For re-sequencing of the SLC6A1 gene, 40 genomic DNA samples were collected from unrelated individuals representing 5 different populations: EA (n = 7), AA (n = 9), Finnish (n = 8), Thai (n = 8), and Hmong (n = 8). The Finnish subjects were unrelated parents of adolescent subjects who were participating in an epidemiological study focusing on the identification of risk factors for early-onset mental illness and substance dependence in Finland . The Thai and Hmong populations were collected in Thailand as part of an ongoing genetic association and population genetic study. The Thais selected for resequencing had grandparents and parents of Thai ancestry (Thai-Thai) or had mixed Thai and Chinese ancestry (Thai-Chinese), by subject report. These samples were obtained from a blood drive in Bangkok, Thailand. The Hmong subjects were recruited in a Hmong village in the northern part of Thailand.
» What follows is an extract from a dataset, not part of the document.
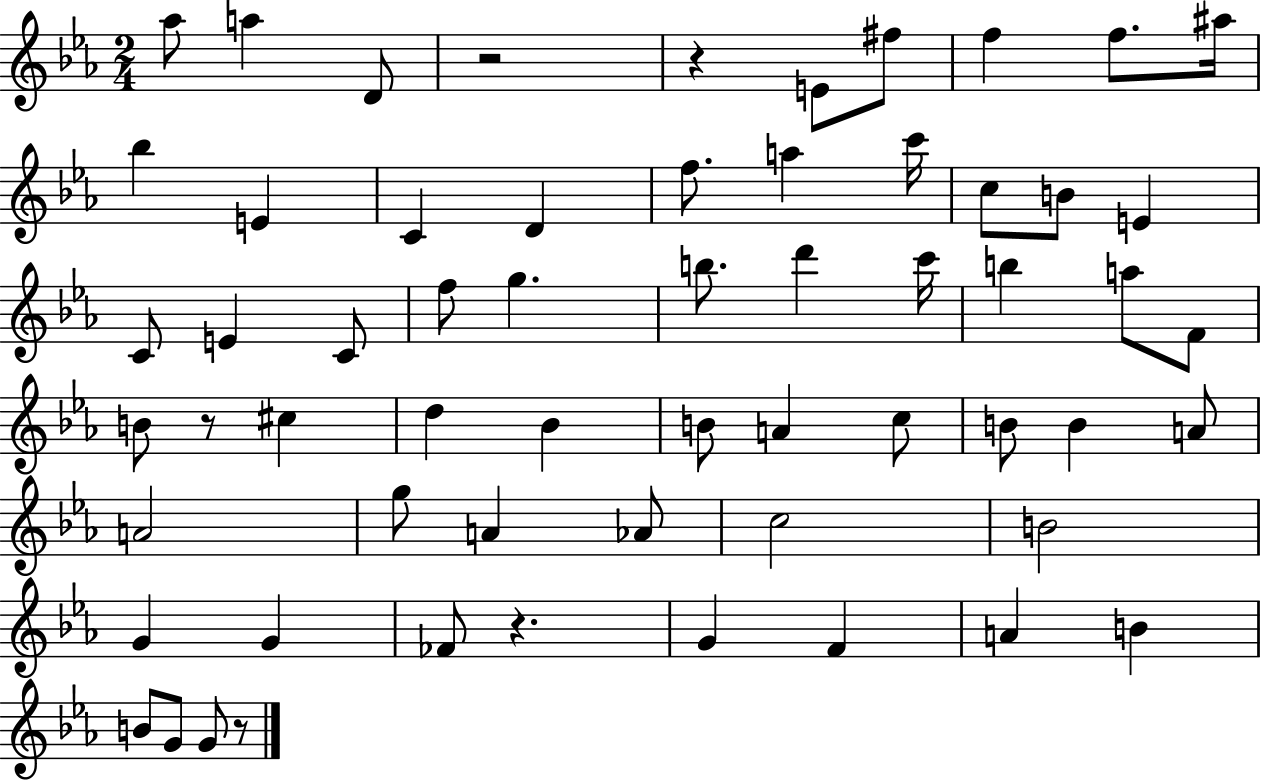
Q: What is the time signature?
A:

The AA and EA samples have been described earlier elsewhere . Both EA and AA samples were self-identified and confirmed as such by Bayesian marker clustering . All subjects provided informed consent as approved by the appropriate institutional review boards. In addition, 46 EA, 60 AA, 59 Thai, 47 Finnish and 48 Hmong individuals were genotyped for 16 SLC6A1 SNPs to examine linkage disequilibrium (LD) in this gene. The Thai subjects selected for examination of linkage disequilibrium were Thai-Thai. Recruitment and population characteristics of subjects selected for SLC6A1 genotyping were identical of subjects selected for resequencing [35, 36]. The participants were recruited from non-clinical populations. No detailed medical information was available for most of the participants. Therefore biases deriving from undetected medical conditions of the control sample could not be controlled. All studies described in this article were conducted according to the Declaration of Helsinki. The studies were approved by the institutional review boards of Yale University School of Medicine, West Haven VA Hospital, Northern- Ostrobothnia Hospital District (University of Oulu, Finland) and Chulalongkorn University (Bangkok, Thailand). All subjects signed a written informed consent for participation in this study.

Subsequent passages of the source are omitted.